Information section start

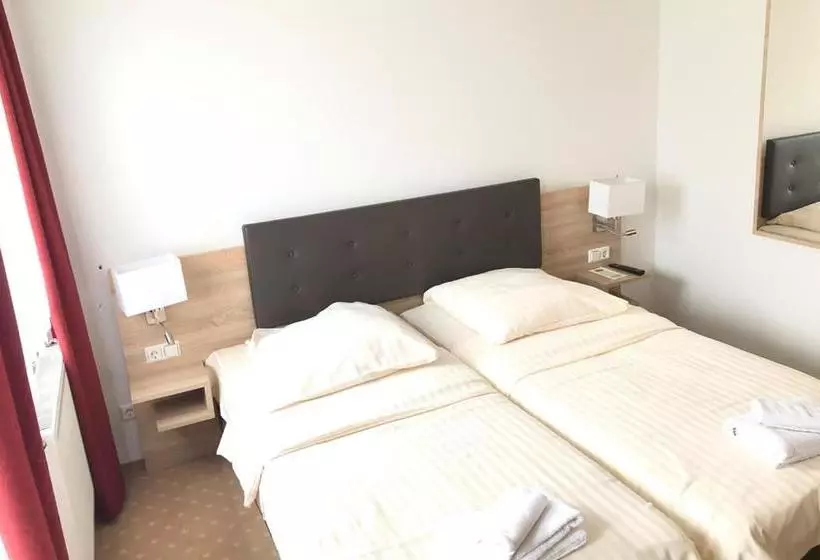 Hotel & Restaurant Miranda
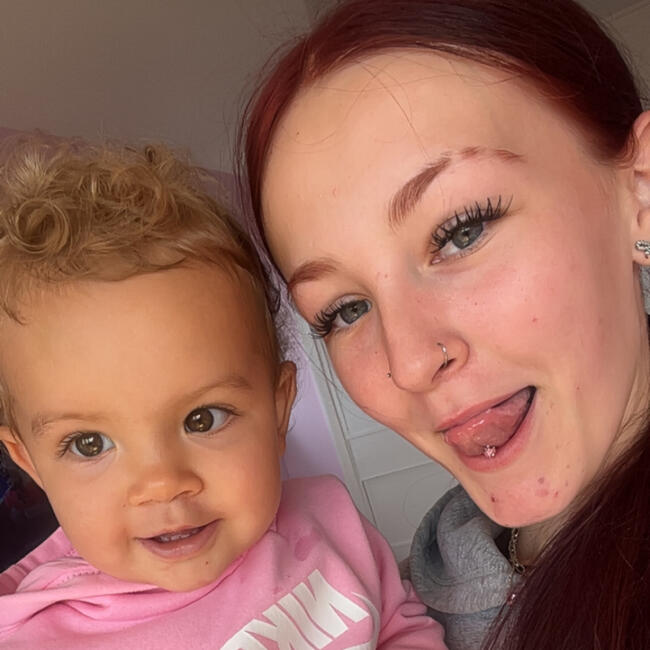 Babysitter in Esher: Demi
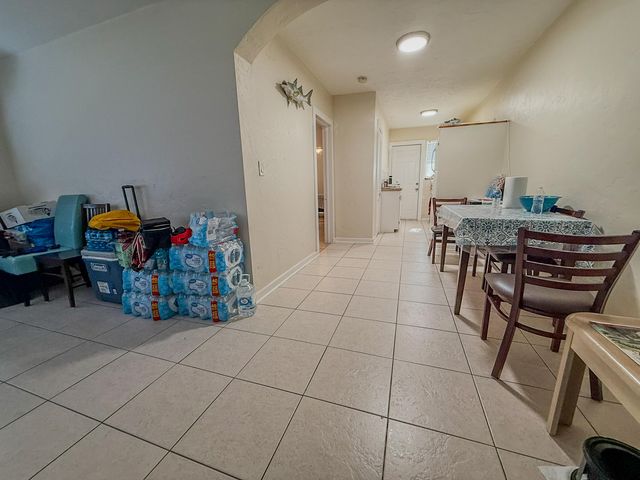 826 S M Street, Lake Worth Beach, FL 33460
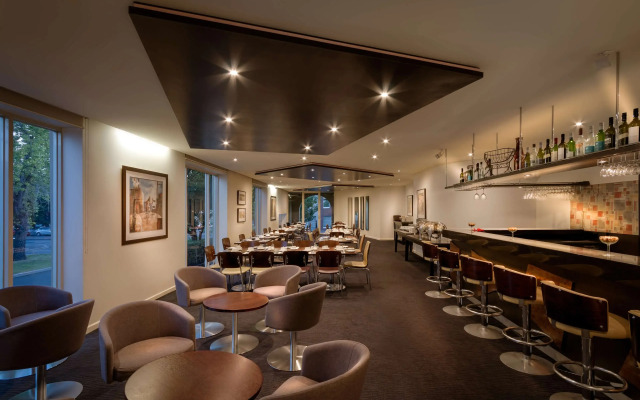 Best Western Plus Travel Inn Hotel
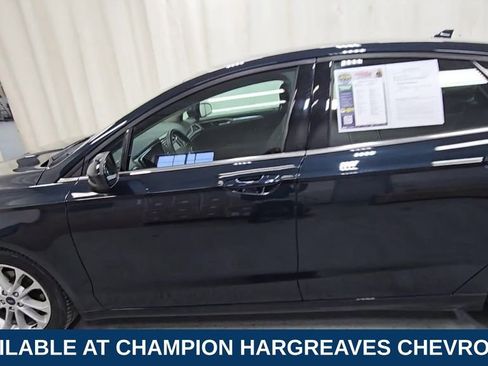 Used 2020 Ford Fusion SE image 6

Information section end

> _Task statement_: A precise repetition of every entry, free of pictures, is the expected answer.

> _Solution to the exercise_:
 Hotel & Restaurant Miranda
 Babysitter in Esher: Demi
 826 S M Street, Lake Worth Beach, FL 33460
 Best Western Plus Travel Inn Hotel
 Used 2020 Ford Fusion SE image 6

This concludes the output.